Police investigating the burglary found Christina Carlin-Kraft's body Wednesday night after recovering some of her stolen goods in Southwest Philadelphia and going to her Ardmore apartment, the source said.

The source said Carlin-Kraft reported a burglary at her apartment Saturday morning after a night out in Center City. She told investigators she took a ride-share to dinner at the Sofitel hotel on Friday night, but couldn't remember how she returned home, according to the source.

Surveillance video from her building shows Carlin-Kraft returning early Saturday, propped up by a man police subsequently identified during the burglary investigation. That man is seen later that morning leaving the building with bags believed to be filled with Carlin-Kraft's belongings.

On Wednesday, Philadelphia police helped Lower Merion officers serve a search warrant at the man's home in the 6500 block of Theodore Street in Southwest Philadelphia's Elmwood section, the source said.

There, they took another man and a woman into custody for narcotics possession, and discovered items reported missing by Carlin-Kraft, including designer purses, jewelry, and a Gucci belt, the source said.

They also found evidence that the credit cards Carlin-Kraft had reported stolen in the burglary had been used in Philadelphia and Delaware County by people at the Theodore Street address.

Investigators went to the Ardmore apartment Wednesday evening to speak with Carlin-Kraft, only to find her dead. An autopsy determined she had died from "ligature strangulation," meaning the killer used some type of cord.

Other surveillance footage shows the suspect entering the Ardmore apartment with Carlin-Kraft on Wednesday, but does not show him leaving, the source said. It's possible that he jumped from the balcony of Carlin-Kraft's second-floor apartment at the Cambridge Square building on Sibley Avenue.

In announcing the slaying Thursday, officials said area residents had no apparent reason to be concerned for their safety.

In her profile on Model Mayhem, a website for professional models and photographers, Carlin-Kraft listed New York as her home and said her credits included photo shoots for David Yurman, Vanity Fair, Victoria's Secret, Playboy, Maxim, and QVC.

"I really do enjoy photoshoots for swim wear and tastefull lingerie," she wrote.

Stuart Kraft of Egg Harbor Township, N.J., Carlin-Kraft's father, declined to speak with a reporter Friday morning.

Another relative, who asked that her name be withheld as the family mourns, said Carlin-Kraft had "a beautiful heart and made everyone laugh."

Her presence lit up a room, the woman said, and her stunning features always turned heads.

"She was just a good person," she said. "And our family misses her dearly."

Carlin-Kraft grew up in Northfield, Atlantic County.
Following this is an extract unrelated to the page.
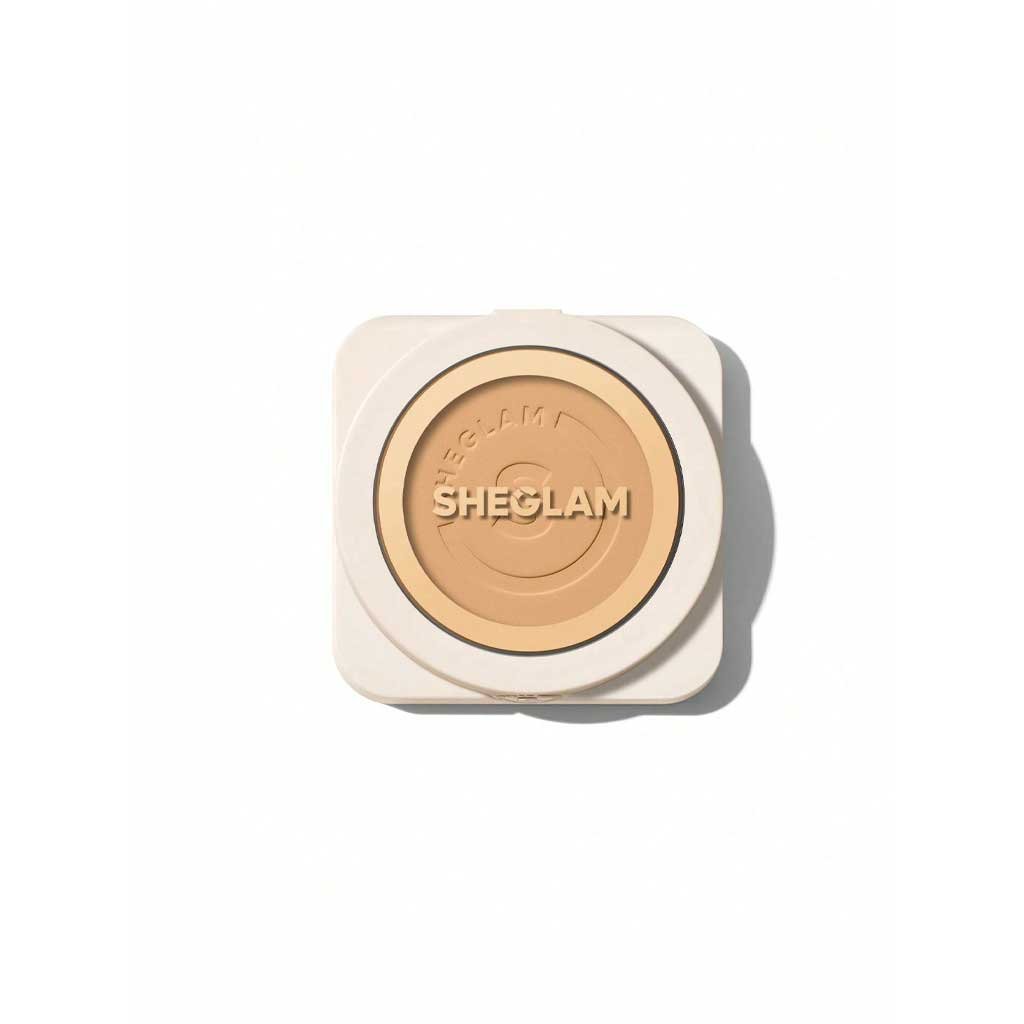 Sheglam Skin-Focus High Coverage Powder Foundation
Aside from her modeling career, she occasionally worked as a interior designer.

She had told her family she enjoyed her neighborhood in Ardmore and felt safe there.
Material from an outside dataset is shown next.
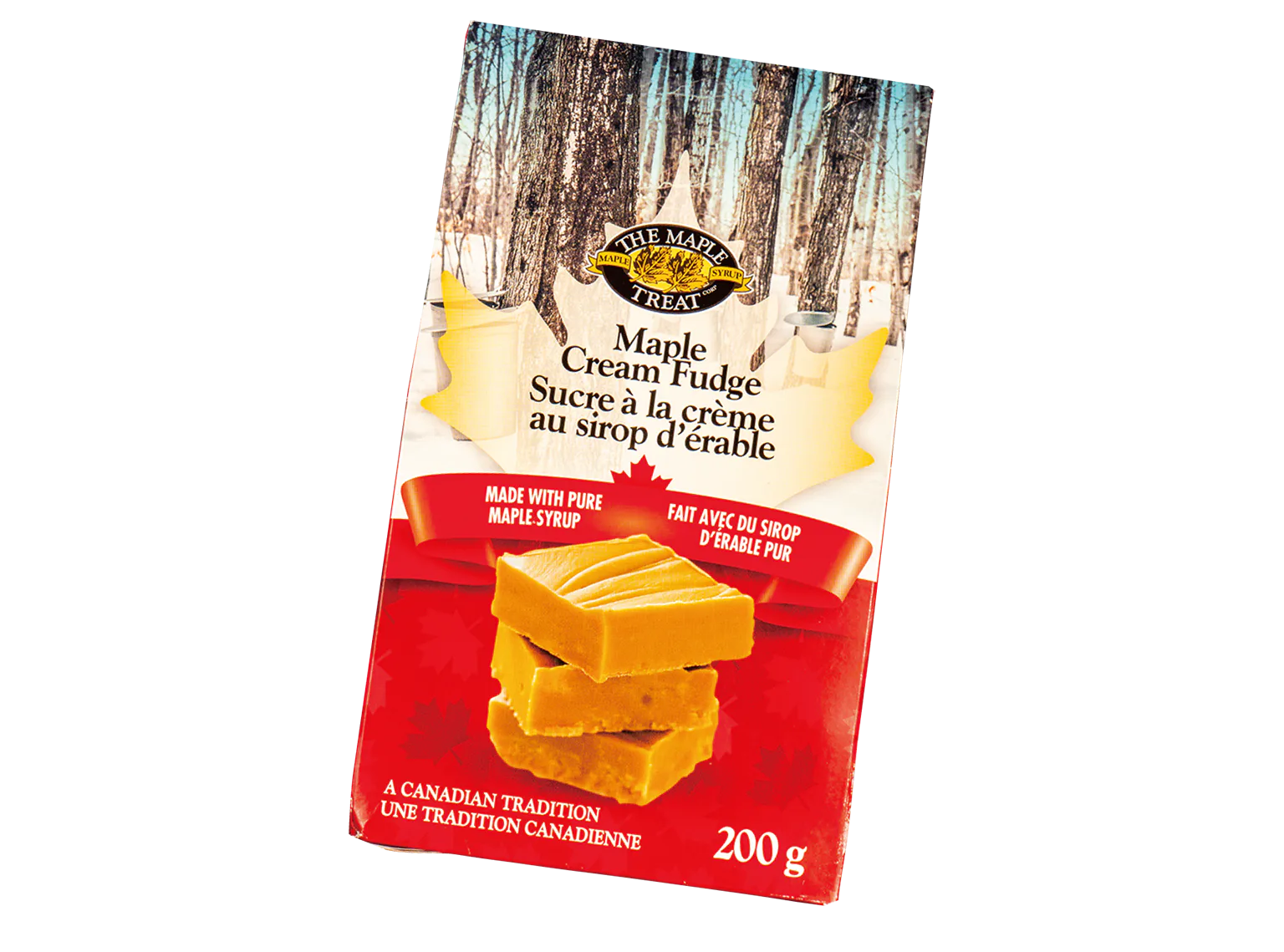 メープル・ファッジの画像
"This is just completely unexpected," the relative said. "We never thought this could happen."

A longtime friend of the victim's said Friday that Carlin-Kraft had been living in the apartment for the better part of a year.

The unit is owned by Carlin-Kraft's boyfriend, a Wall Street banker who grew up in Wynnewood, said the friend, who asked not to be identified. The couple had been together for about nine years, having met while Carlin-Kraft worked as a waitress at the Borgata in Atlantic City.
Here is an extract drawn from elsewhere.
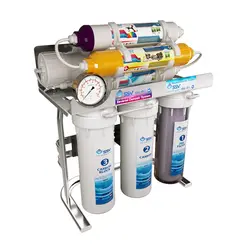 دستگاه تصفیه آب خانگی UltraSpring X700 | تصفیه آب خانگی | دستگاه تصفیه آب | اس اس وی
"She was just delightful, the sweetest person," the friend said. "The whole thing is just shocking."

The friend, who works as a contractor, had often visited the apartment to help fix minor issues.

Crime-scene tape still cordoned off a grassy stretch adjacent to the building Friday morning.

In 2016, Carlin-Kraft found herself in the gossip pages following an altercation at a Manhattan restaurant.

According to the New York Post, she was charged with hitting a waiter at an Upper West Side restaurant in a dispute over the bill. Prosecutors dismissed misdemeanor charges of assault, attempted assault, and harassment on the condition that she stay out of trouble for six months.

"She was a nice person, and I'm not just speaking good of the dead," said Dan Ollen, the lawyer who represented Carlin-Kraft in the assault case.